— INPUT —
______________________________

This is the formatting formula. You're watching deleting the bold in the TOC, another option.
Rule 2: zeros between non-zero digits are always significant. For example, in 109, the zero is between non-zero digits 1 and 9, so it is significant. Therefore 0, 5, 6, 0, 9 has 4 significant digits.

______________________________

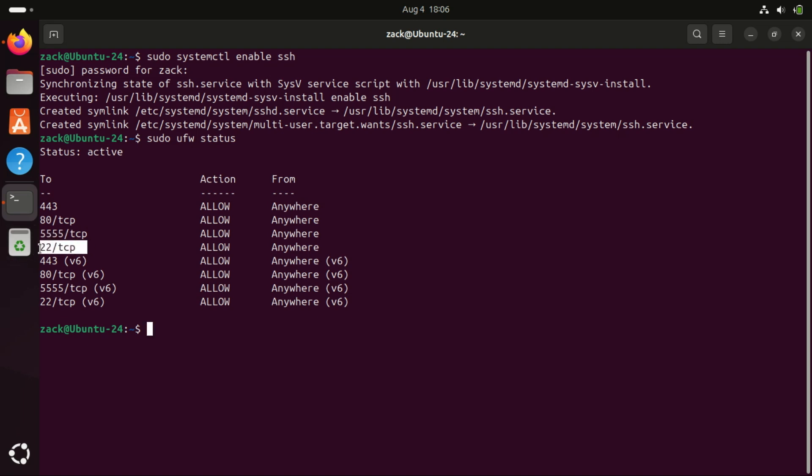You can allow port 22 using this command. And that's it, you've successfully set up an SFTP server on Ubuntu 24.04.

______________________________

— WHAT YOU NEED TO DO —
An exact copy of the lines above, from the one containing "This is the" down to the one containing "Rule 2: zeros" and including both, is the whole answer; retype it and nothing else.

— WRITTEN RESPONSE —
This is the formatting formula. You're watching deleting the bold in the TOC, another option.
Rule 2: zeros between non-zero digits are always significant. For example, in 109, the zero is between non-zero digits 1 and 9, so it is significant. Therefore 0, 5, 6, 0, 9 has 4 significant digits.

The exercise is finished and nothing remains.